_HOW TO COMPLETE THIS TASK_: The records below must be reproduced exactly. Strip out the pictures.
- Opening Delimiter -
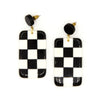 Black and white checkered resin drop earrings handcrafted by Fair Anita fair trade artisans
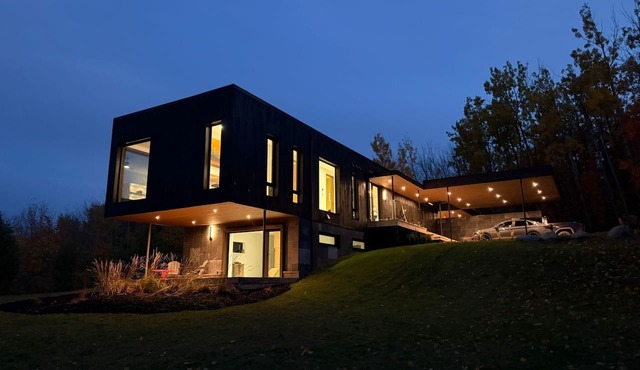 Stunning Modern Architectural Home on 5 acres of forest with hilltop lake views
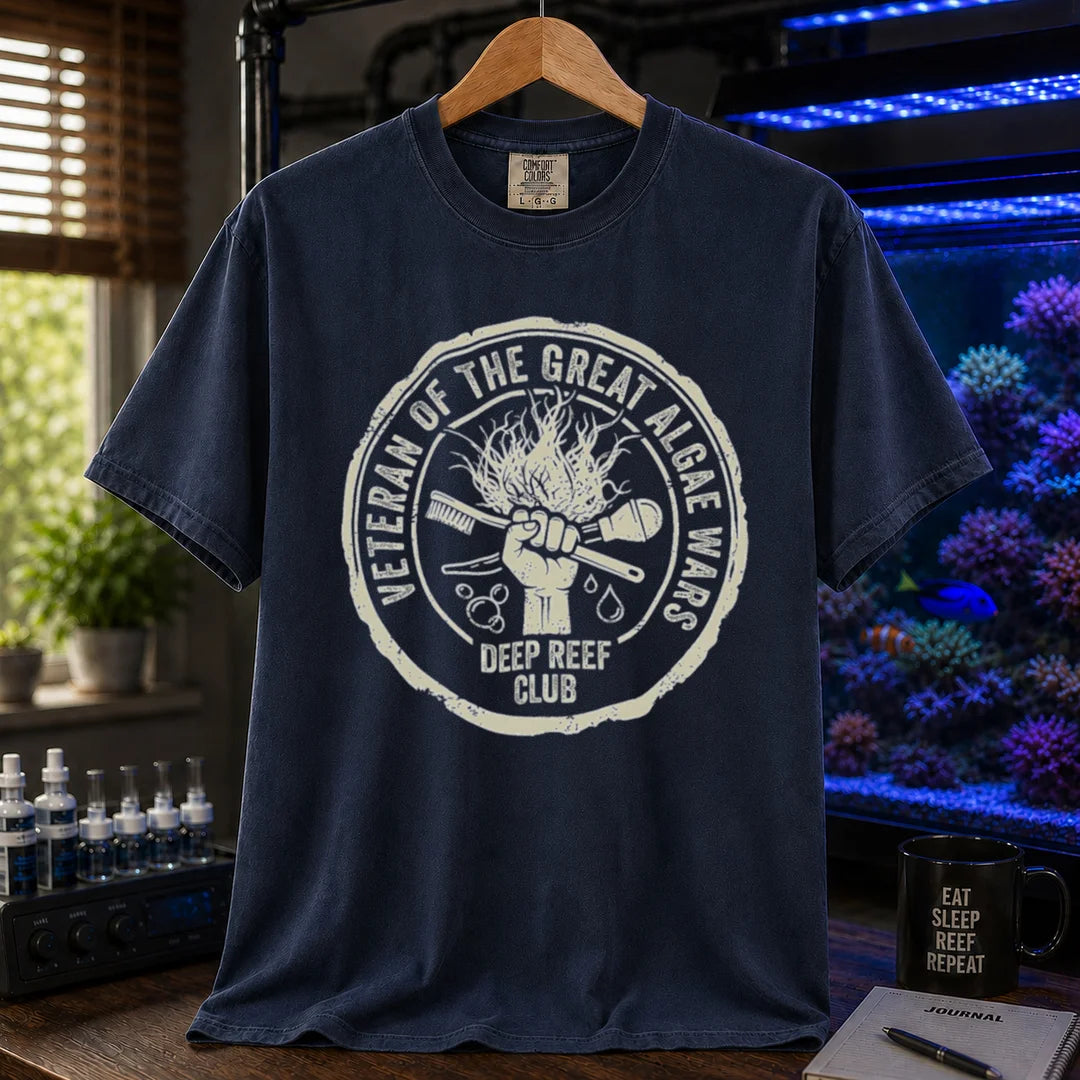 Saltwater aquarium graphic t-shirt featuring a circular emblem illustration with text: VETERAN OF THE GREAT ALGAE WARS DEEP REEF CLUB, navy crew neck tee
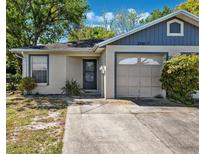 Charming single-story home featuring a front yard and attached garage on a sunny day at 3741 Appleton Ct, Palm Harbor, FL 34684
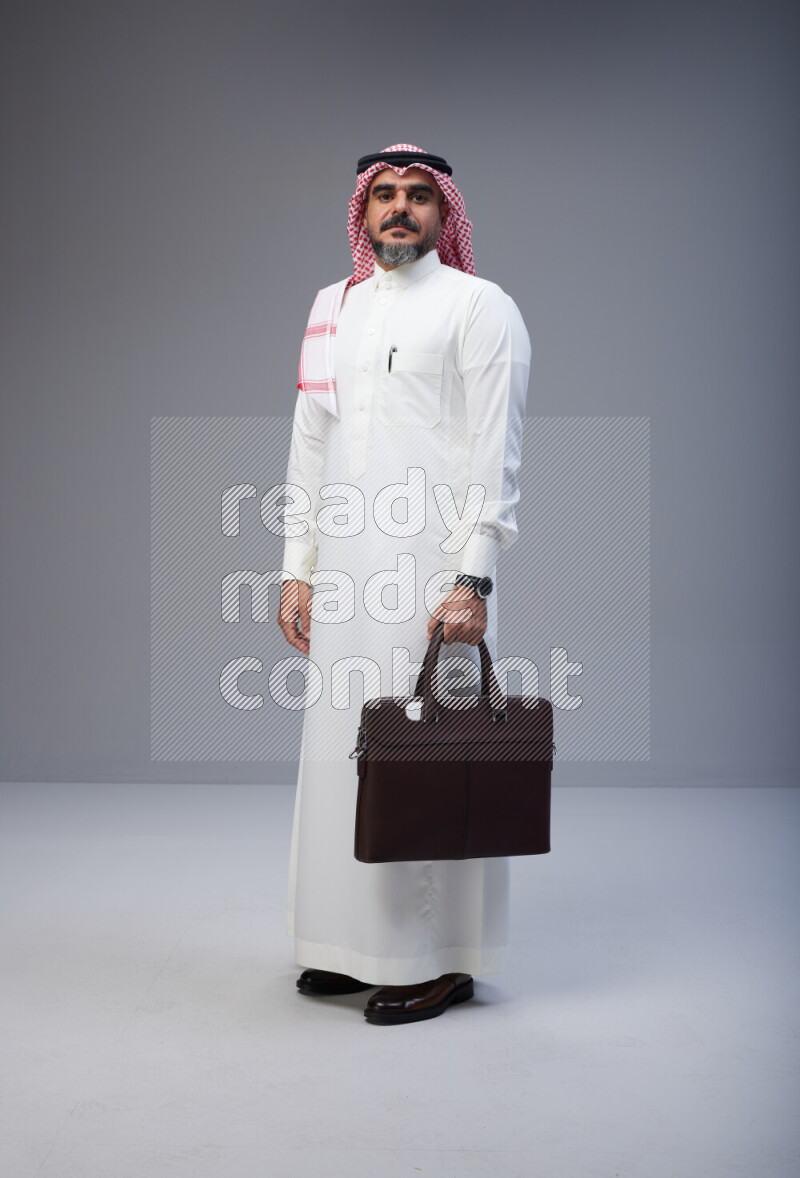 Saudi man Wearing Thob and red Shomag standing holding bag on Gray background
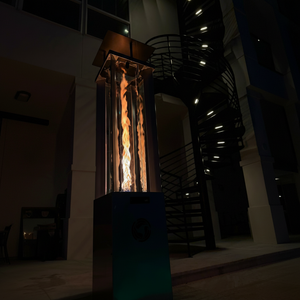 Tall outdoor fire pit with flames glowing in a dark setting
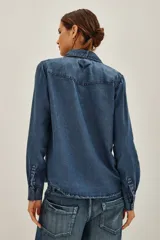Camisa de estilo tejano en color negro lavado, con cuello camisero, cierre frontal con botones metálicos y dos bolsillos delanteros con solapa.
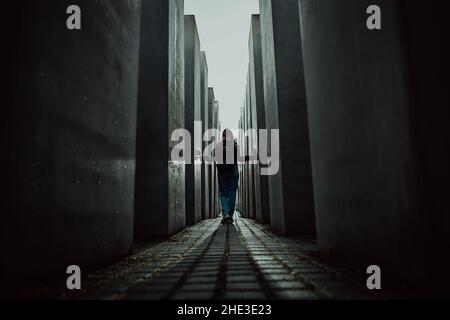 October 2021 - Berlin, Germany. Woman stands in dark maze between tall blocks in Holocaust Jewish Memorial of Murdered Jews. Light at the end of Stock Photo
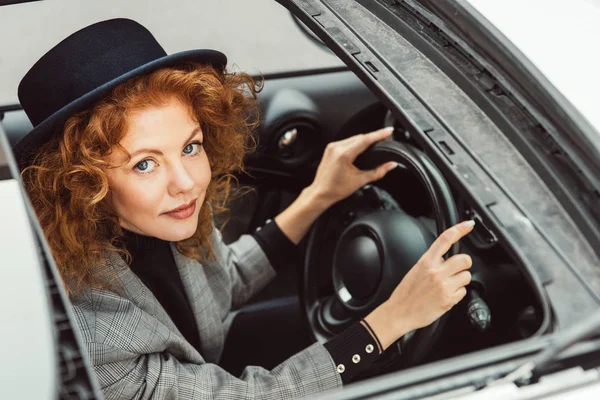 黒い帽子とステアリング ホイールの車の中で座っているグレーのジャケットでスタイリッシュな生姜女性の肖像 — ストック写真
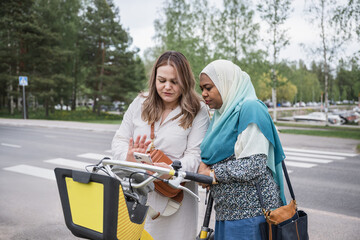 Multicultural friends renting city bike together via smartphone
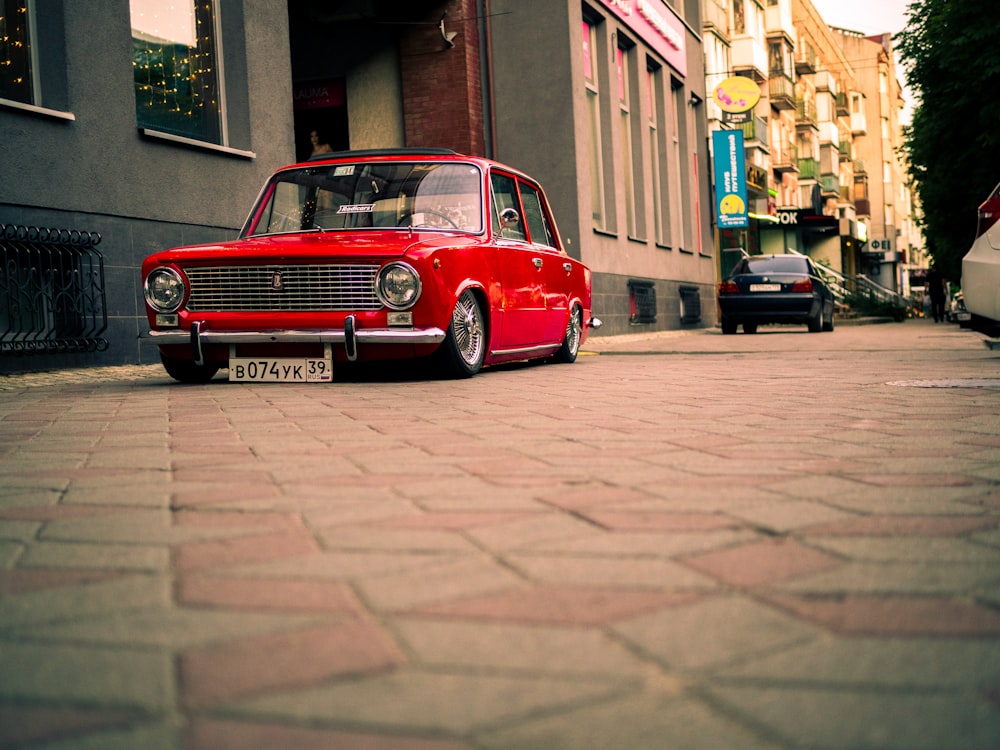 red car parked beside brown brick building during daytime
- Closing Delimiter -
_ANSWER SPACE_:
 Black and white checkered resin drop earrings handcrafted by Fair Anita fair trade artisans
 Stunning Modern Architectural Home on 5 acres of forest with hilltop lake views
 Saltwater aquarium graphic t-shirt featuring a circular emblem illustration with text: VETERAN OF THE GREAT ALGAE WARS DEEP REEF CLUB, navy crew neck tee
 Charming single-story home featuring a front yard and attached garage on a sunny day at 3741 Appleton Ct, Palm Harbor, FL 34684
 Saudi man Wearing Thob and red Shomag standing holding bag on Gray background
 Tall outdoor fire pit with flames glowing in a dark setting
Camisa de estilo tejano en color negro lavado, con cuello camisero, cierre frontal con botones metálicos y dos bolsillos delanteros con solapa.
 October 2021 - Berlin, Germany. Woman stands in dark maze between tall blocks in Holocaust Jewish Memorial of Murdered Jews. Light at the end of Stock Photo
 黒い帽子とステアリング ホイールの車の中で座っているグレーのジャケットでスタイリッシュな生姜女性の肖像 — ストック写真
 Multicultural friends renting city bike together via smartphone
 red car parked beside brown brick building during daytime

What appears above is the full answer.